Even Low Levels of Lead in Drinking Water May Harm ESKD Patients

water glass
water glass
Hemoglobin levels lower, erythropoietin stimulating agent use higher, even for water lead levels below EPA threshold for regulatory action

HealthDay News — For patients with end-stage kidney disease (ESKD), even low levels of lead in drinking water are associated with adverse health outcomes, according to a study published online July 15 in the Journal of the American Society of Nephrology.

John Danziger, MD, from the Beth Israel Deaconess Medical Center in Boston, and colleagues examined whether lead levels in community water systems were associated with hemoglobin concentrations and erythropoietin stimulating agent (ESA) use among patients with incident ESKD. The average 90th percentile lead concentrations in community-water systems in the 5-year period prior to dialysis initiation were examined among 597,968 patients initiating dialysis in the United States between 2005 and 2017.

The researchers found that for patients in cities with detectable levels of lead in community water, per 0.01mg/L increase in 90th percentile water lead, pre-ESKD hemoglobin concentrations were significantly lower (0.02g/dL) and ESA utilization was higher (0.4%). For the 208,912 patients with data available from the first month of ESKD therapy, the findings were similar, with lower hemoglobin (0.05g/dL) and higher ESA use (0.3%) per 0.01-mg/L higher lead concentration.
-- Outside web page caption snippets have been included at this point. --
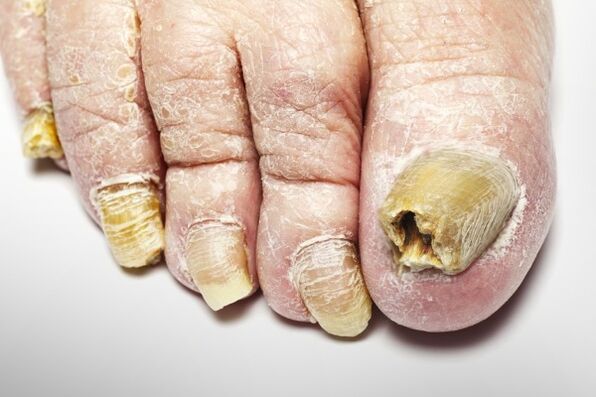 Totale versie van de nagelschimmel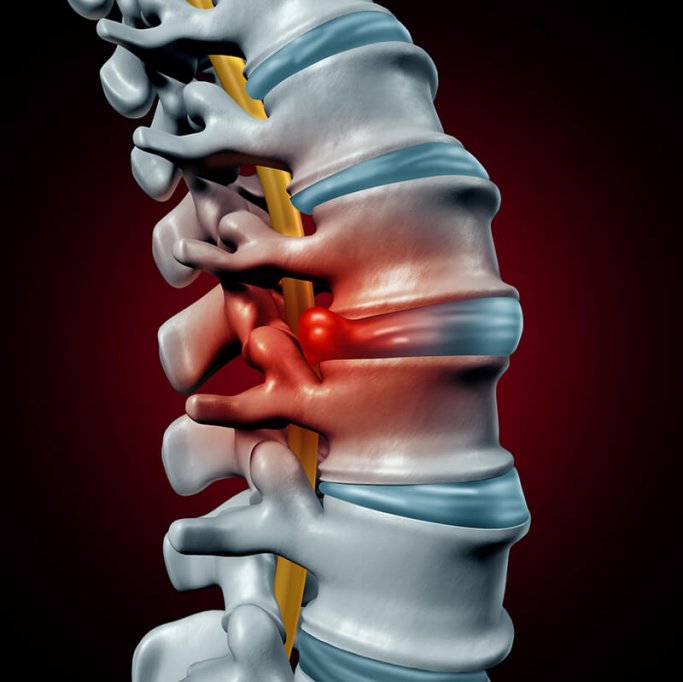 Poti scapa de durerile cauzate de hernia de disc fara operatie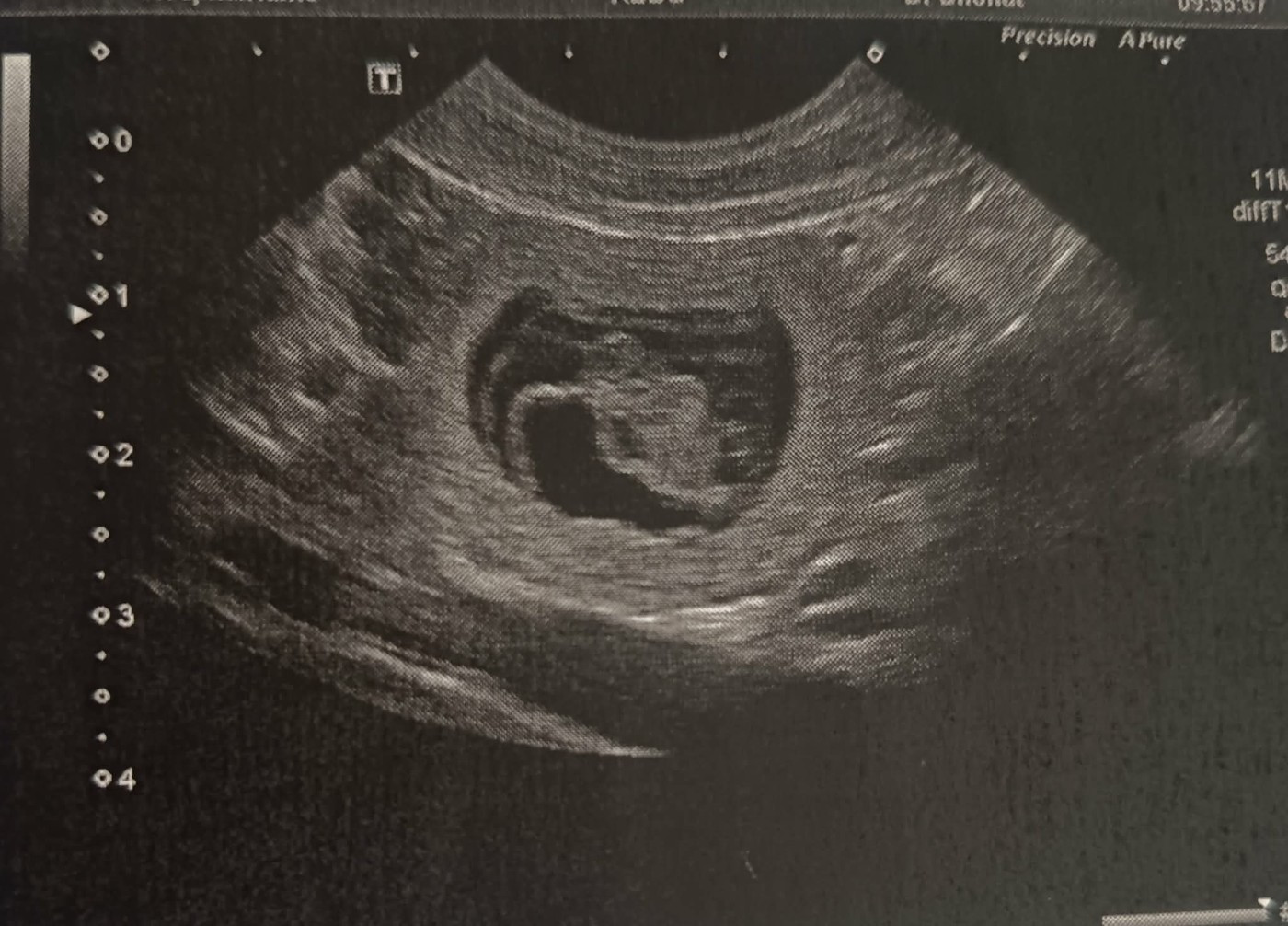 Confirmations de gestations !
These associations were seen at lead levels below the threshold of the Environmental Protection Agency, which mandates regulatory action. Environmental inequities were seen; compared with White patients, Black patients had higher water lead levels and slower decreases over time.

“More rigorous efforts to improve the water system infrastructure may be needed to protect individuals from unrecognized hazard,” Danziger said in a statement.

Two authors disclosed financial ties to industry; one author has provided medical-legal consulting.